With the Rainbow Cup set to commence on Friday evening, Alan Quinlan did not hide his frustration with how the competition has been structured on OTB AM.
After the South African clubs set to participate in the maiden tournament were forced to pull out earlier this week due to travel restrictions, Alan Quinlan is struggling to see the point of the Rainbow Cup.
Initially sold for its unusual cross-hemisphere appeal, there will now be northern and southern editions of the competition without any real end-point in sight.
"Do you know what frustrates me most about this," he explained on Friday's show, "we have three rounds of fixtures and then where do we go from there?
"There have been three or four days for them to come out with some sort of a structure to say, this is what's going to happen. We've been told that there's going to be six rounds of fixtures and a final, but how does it work?
"Do you randomly pick who you play after the [inter-provincial] matches? There's a credibility issue."
The Rainbow Cup will commence with Connacht visiting Ulster and Zebre travelling to Edinburgh on Friday night.

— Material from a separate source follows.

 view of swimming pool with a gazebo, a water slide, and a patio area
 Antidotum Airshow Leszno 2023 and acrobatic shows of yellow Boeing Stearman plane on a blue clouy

Following that, Irish interest will be drawn toward the clash between Leinster and Munster on Saturday.
Across the following two game-weeks, each Irish province will compete against one another. It remains unclear what will happen thereafter.
"Whoever loses in [the first round] could potentially be out of the running to win it," reasoned Quinlan. "The first games are tonight, so why haven't we got some structure?
"I know the Pro 14 have been blindsided a bit, but we have three [inter-provincial games] and nothing to talk about after that. There's 12 teams [in the northern] competition and three rounds of fixtures! Where to from there? How do you play six fixtures and then a final?"
Highlighting some potential solutions to the structural uncertainty, Quinlan ultimately feels that the Rainbow Cup has lost what excitement there had been surrounding it.
"Of course I'll be looking forward to the derby games for the first three rounds," he admitted, "because there's always an intrigue there from an Irish point of view.